Rubin David T, Gottlieb Klaus, Colombel Jean-Frederic, Schott Jean-Pierre, Erisson Lavi, Prucka Bill, Phillips Sloane Allebes, Kwon John, Ng Jonathan, McGill James
University of Chicago Medicine Inflammatory Bowel Disease Center, Gastroenterology, Chicago, Illinois.
Eli Lilly and Company, Immunology, Indianapolis, Indiana.
Gastro Hep Adv. 2023 Jun 17;2(7):935-942. doi: 10.1016/j.gastha.2023.06.003. eCollection 2023.
Endoscopic assessment is a co-primary end point in inflammatory bowel disease registration trials, yet it is subject to inter- and intraobserver variability. We present an original machine learning approach to Endoscopic Mayo Score (eMS) prediction in ulcerative colitis and report the model's performance in differentiating key levels of endoscopic disease activity on full-length procedure videos.
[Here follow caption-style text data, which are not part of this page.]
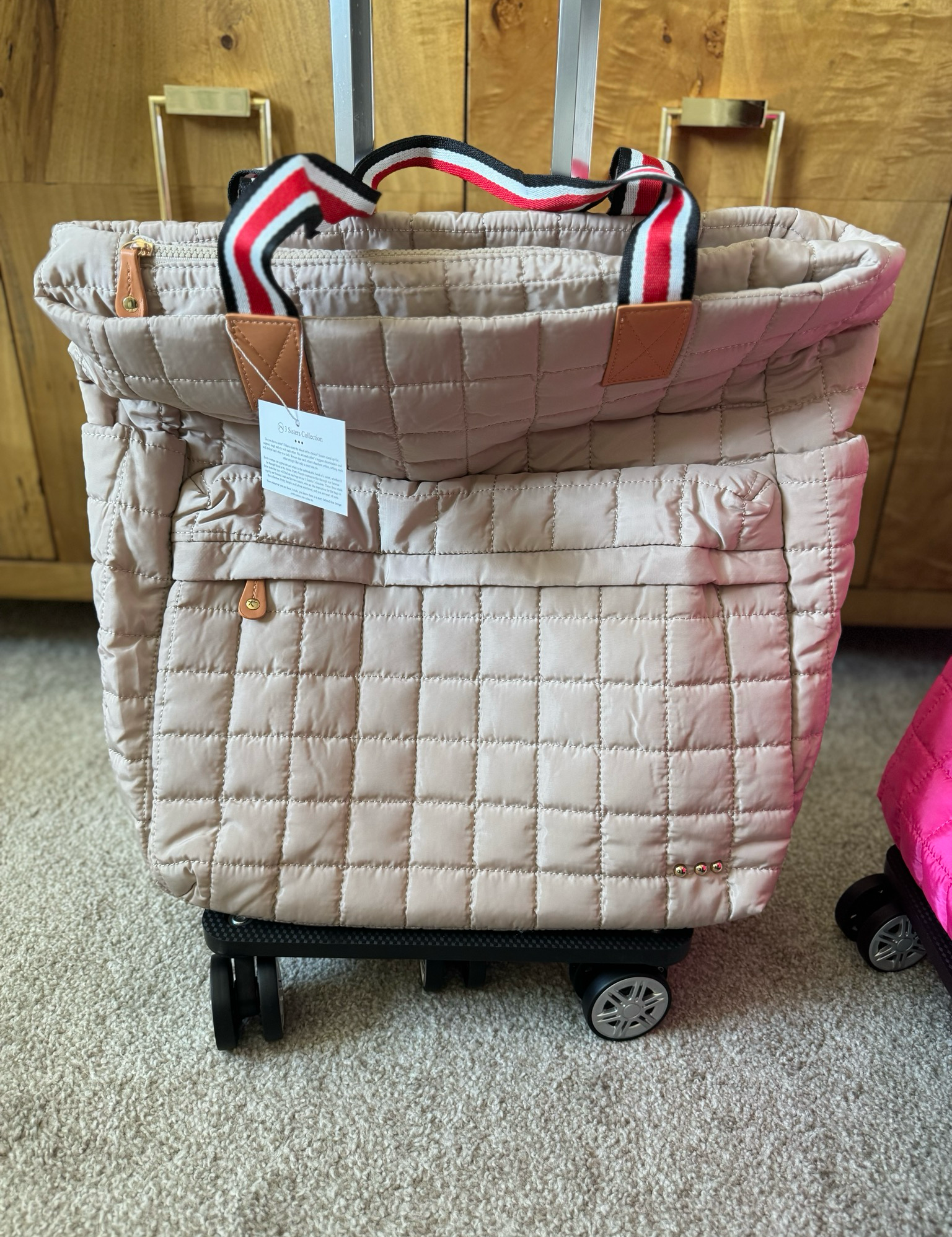 Tenely Quilted Tote Roller Bag (Comes In 4 Colors)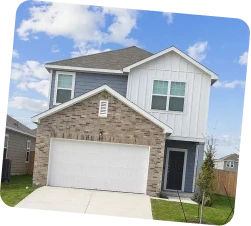 Exterior view of 283 Gabbro single-family home in San Marcos, Texas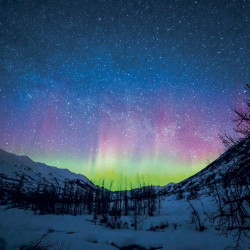 Falinaptár képes lemeznaptár 300x300mm, Aurora Borealis Realsystem 2027.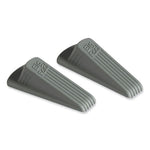 Load image into Gallery viewer, Big Foot Doorstop, No Slip Rubber Wedge, 2.25w X 4.75d X 1.25h, Gray, 2/pack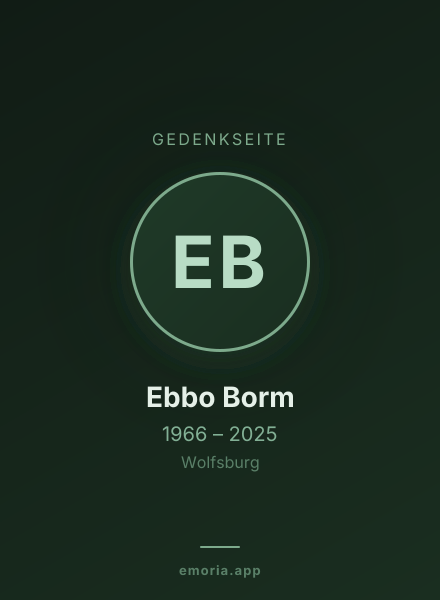 Gedenkportrait von Ebbo Borm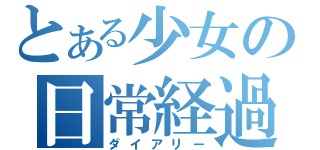 とある少女の日常経過（ダイアリー）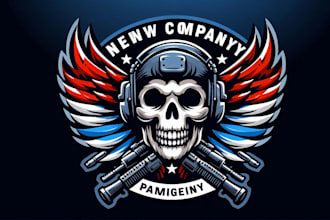 design a unique modern skull papua gunia logo within 14 hours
Seven hundred ninety-three full-length videos with centrally-read eMS were obtained from 249 patients with ulcerative colitis, who participated in a phase II trial evaluating mirikizumab (NCT02589665). A video annotation approach was established to extract mucosal features and associated eMS classification labels from each video to be used as inputs for model training. The primary objective of the model was a categorical prediction of inactive vs active endoscopic disease evaluated against 2 independent test sets: a full set with a baseline single human expert read and a consensus subset in which 2 human reads agreed.
On the full test set of 147 videos, the model predicted inactive vs active endoscopic disease via the eMS with an area under the curve of 89%, accuracy of 84%, positive predictive value of 80%, and negative predictive value of 85%. In the consensus test set of 94 videos, the model predicted inactive vs active endoscopic disease with an area under the curve of 92%, accuracy of 89%, positive predictive value of 87%, and negative predictive value of 90%.
We have demonstrated that this machine learning model supervised by mucosal features and eMS video annotations accurately differentiates key levels of endoscopic disease activity.
内镜评估是炎症性肠病注册试验的共同主要终点,但它存在观察者间和观察者内的变异性。我们提出了一种用于预测溃疡性结肠炎内镜梅奥评分(eMS)的原创机器学习方法,并报告了该模型在全长检查视频中区分内镜疾病活动关键水平的性能。
从249例溃疡性结肠炎患者中获取了793个经中心阅片得出eMS的全长视频,这些患者参与了一项评估mirikizumab的II期试验(NCT02589665)。建立了一种视频注释方法,从每个视频中提取黏膜特征和相关的eMS分类标签,用作模型训练的输入。该模型的主要目标是针对2个独立测试集对内镜疾病非活动期与活动期进行分类预测:一个是具有基线单人专家阅片的完整测试集,另一个是2位人员阅片结果一致的共识子集。
在147个视频的完整测试集中,该模型通过eMS预测内镜疾病非活动期与活动期,曲线下面积为89%,准确率为84%,阳性预测值为80%,阴性预测值为85%。在94个视频的共识测试集中,该模型预测内镜疾病非活动期与活动期,曲线下面积为92%,准确率为89%,阳性预测值为87%,阴性预测值为90%。
我们已经证明,这种由黏膜特征和eMS视频注释监督的机器学习模型能够准确区分内镜疾病活动的关键水平。